Monday, March 17, 2014

Medawar/Oeler/Strike

Today I finished Mardi Oakley Medawar’s Murder at Medicine Lodge. Tay-bodal succeeds in discovering the identity of the real murderers (after an extremely complicated explanation worthy of Hercule Poirot!) and thus exonerates both White Bear and the Buffalo soldier Little Jonas. In some respects, however, the resolution of the mystery takes a second place to the event that provides the background for the novel as a whole, namely, the Medicine Lodge treaty meetings of 1867. Medawar is unambiguous in accusing the representatives of the US government (whom she names at the end of the novel) of negotiating in bad faith and she applauds the decision of the Kiowa not to sign any treaties with the Americans. Granted, her depiction of the events on which her novel is based (not to mention her portrayal of White Bear) is not entirely accurate (for more details on this see here) but Medawar’s overall point is both clear and indisputable: despite the fact that solving an individual murder is the focus of this novel, that murder pales into insignificance next to the annihilation of an entire civilization.

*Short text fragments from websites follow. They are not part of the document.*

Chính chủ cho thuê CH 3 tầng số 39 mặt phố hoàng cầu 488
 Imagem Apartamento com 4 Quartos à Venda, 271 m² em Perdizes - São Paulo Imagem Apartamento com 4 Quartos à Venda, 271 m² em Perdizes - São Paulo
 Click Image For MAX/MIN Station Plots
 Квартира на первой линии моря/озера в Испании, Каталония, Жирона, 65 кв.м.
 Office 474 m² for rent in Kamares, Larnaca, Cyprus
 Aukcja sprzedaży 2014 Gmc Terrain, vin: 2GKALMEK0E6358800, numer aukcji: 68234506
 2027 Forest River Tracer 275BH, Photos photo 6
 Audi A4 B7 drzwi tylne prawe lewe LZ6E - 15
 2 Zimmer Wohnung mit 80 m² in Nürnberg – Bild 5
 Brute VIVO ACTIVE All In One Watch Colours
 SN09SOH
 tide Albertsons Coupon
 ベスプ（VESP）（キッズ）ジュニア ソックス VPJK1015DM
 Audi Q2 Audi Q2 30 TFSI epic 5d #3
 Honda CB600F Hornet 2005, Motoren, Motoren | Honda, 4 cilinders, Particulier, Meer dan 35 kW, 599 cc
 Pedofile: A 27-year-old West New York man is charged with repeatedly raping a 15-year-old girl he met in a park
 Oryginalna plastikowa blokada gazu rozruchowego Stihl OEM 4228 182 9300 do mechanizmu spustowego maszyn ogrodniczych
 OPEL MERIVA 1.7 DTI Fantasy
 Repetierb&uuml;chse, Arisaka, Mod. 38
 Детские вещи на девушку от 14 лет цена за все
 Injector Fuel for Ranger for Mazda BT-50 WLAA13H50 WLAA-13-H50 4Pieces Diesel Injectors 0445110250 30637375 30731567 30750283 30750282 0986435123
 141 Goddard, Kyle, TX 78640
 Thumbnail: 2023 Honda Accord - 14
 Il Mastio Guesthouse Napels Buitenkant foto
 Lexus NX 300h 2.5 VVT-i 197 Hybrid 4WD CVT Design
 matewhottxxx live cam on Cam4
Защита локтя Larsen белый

I also began reading Karla Oeler’s fascinating 2009 book A Grammar of Murder: Violent Scenes and Film FormThe focus of the book is an explanation why representations of murder are so central to the genre of film, and Oeler summarizes her argument as follows: “Murder is such a foundational scene in the history of cinema because the obliteration of life that it revolves around dramatizes the way that cinematic representation—which shows the photographic trace of a now absent object—always is poised between conveying the reality of the object and conveying the loss of reality, or disembodiment, intrinsic to representation itself.” A formalist argument, then, but one also attuned to historical detail. For example, Oeler moves on to an examination of the use of the close-up and montage in the work of early Soviet filmmakers such as Pudovkin and Eisenstein in order to show how “cinema’s distilled formal categories are charged with sociohistorical necessity.” Close readings of individual films are balanced by a larger account of the genre’s history and the ways its representations of violence have both changed and remained the same over time.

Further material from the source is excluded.